Pela primeira vez na França, um partido político abre seus arquivos aos cidadãos. O interesse se torna ainda maior porque não se trata de um partido qualquer, mas do lendário Partido Comunista Francês (PCF), outrora um dos mais poderosos PCs do Ocidente – chegou a ter 30% do eleitorado –, mas também um dos mais stalinistas e subservientes a Moscou. Quase toda a história oficial da organização está, desde julho, disponível ao público e aos historiadores. São mais de 800 metros de documentos desde a fundação do PCF, em 1921, até 1994.

Mas há uma lacuna no período que vai até 1944, porque a maioria dos documentos daquele período foi destruída durante a ocupação nazista da França (1940-1944), provavelmente pelos próprios comunistas na clandestinidade. Esse material foi, em parte, restituído aos franceses, entre 1972 e 1990, pelo Partido Comunista da União Soviética (PCUS). “Mas foi feita uma triagem e os documentos não correspondem inteiramente aos originais que estão em Moscou”, lamenta Frédérick Genevée, responsável pelos arquivos do PCF.

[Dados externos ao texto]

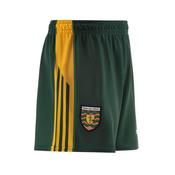 Oneills Kids Donegal Gaa Home Shorts - Green/Amber - 1/2Y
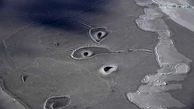 ناسا عکسی از حفره های یخی را ثبت کرد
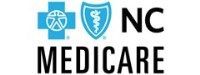NC Medicare logo with blue medical icons and black text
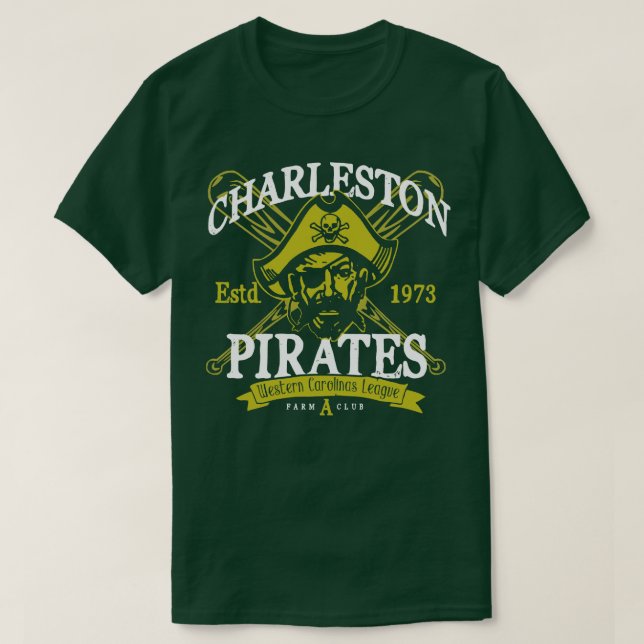Charleston Pirater T Shirt (Design framsida)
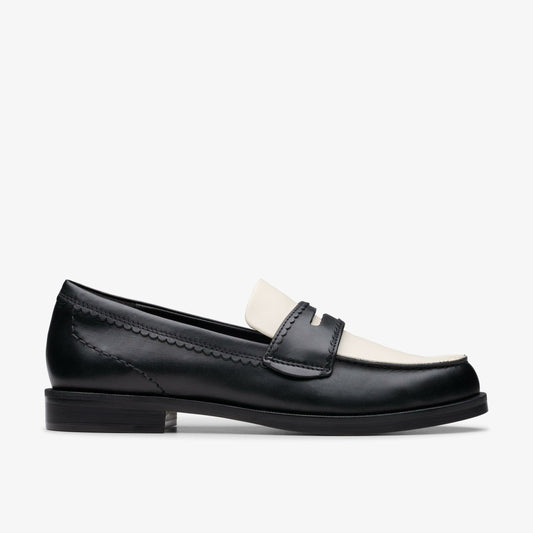 Clarks Straven Edge Black Combination Leather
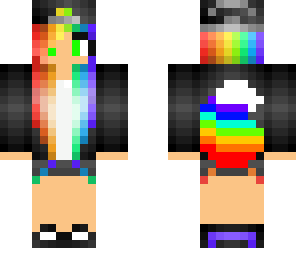 rainbow slash eye edit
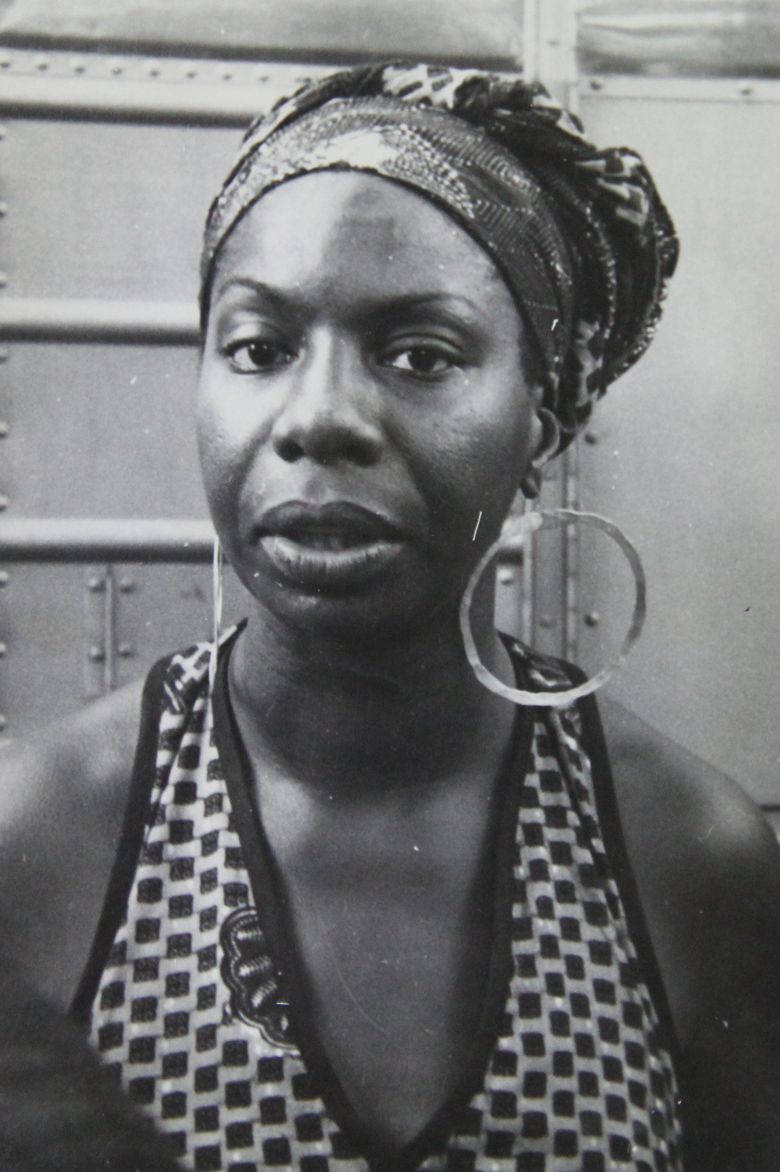 Nina Simone Fashion Icon Big Earring Background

Apesar dessa iniciativa inédita, a glasnost (abertura) do PCF foi parcial. Permanece secreta a maioria dos dossiês da controversa Comissão Central de Controle Político (CCCP), uma espécie de tribunal interno responsável pelos expurgos de militantes que se desviavam da “linha justa” do partido. Mesmo assim, 11 dossiês de grande interesse da CCCP estão disponíveis. Entre eles o processo contra a “célula de Saint-Germain”, que levou, em 1950, à expulsão da escritora Marguerite Duras (1914-1996, autora de O amante e roteirista de Hiroshima mon amour) por “crítica desviante da linha do partido”. Na época, Duras e outros intelectuais começavam a ver com preocupação as práticas de Josef Stálin (ditador soviético entre 1924-1953), denunciavam a pressão da URSS sobre a Europa do Leste e criticavam a submissão canina do PCF ao Kremlin.

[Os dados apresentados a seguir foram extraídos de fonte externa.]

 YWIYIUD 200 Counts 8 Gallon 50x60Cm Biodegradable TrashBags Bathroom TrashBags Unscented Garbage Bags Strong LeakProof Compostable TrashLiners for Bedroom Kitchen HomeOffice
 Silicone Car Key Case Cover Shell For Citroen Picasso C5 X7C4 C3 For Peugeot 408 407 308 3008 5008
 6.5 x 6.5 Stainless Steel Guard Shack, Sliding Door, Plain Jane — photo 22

“Alguns documentos são reveladores. As gravações das sessões do Comitê Central de fevereiro de 1961, por exemplo, expõem a virulência das críticas do então secretário-geral, Maurice Thorez, contra dois dirigentes do partido, Marcel Servin e Laurent Casanova. São uma pequena amostra dos métodos stalinistas do PCF”, afirma o historiador comunista Roger Martelli. Havia uma fidelidade incondicional à figura de Stálin”, explica. Um exemplo é a transcrição da sessão secreta do XX Congresso do PCUS, em 1956, no qual Nikita Kruchóv, o número 1 do Kremlin, denuncia os crimes de Stálin. Durante anos, o PCF alegou desconhecer o documento, mas os arquivos mostram que a direção comunista não apenas tinha pleno conhecimento do relatório como tentou escamoteá-lo de seus militantes.

Hoje, o PCF é uma pálida sombra do que foi em seus dias de glória. Embora
tenha mantido o nome, abandonou o marxismo-leninismo e bandeiras como
a estatização. Em 2002, ficou com apenas 3,5% do eleitorado.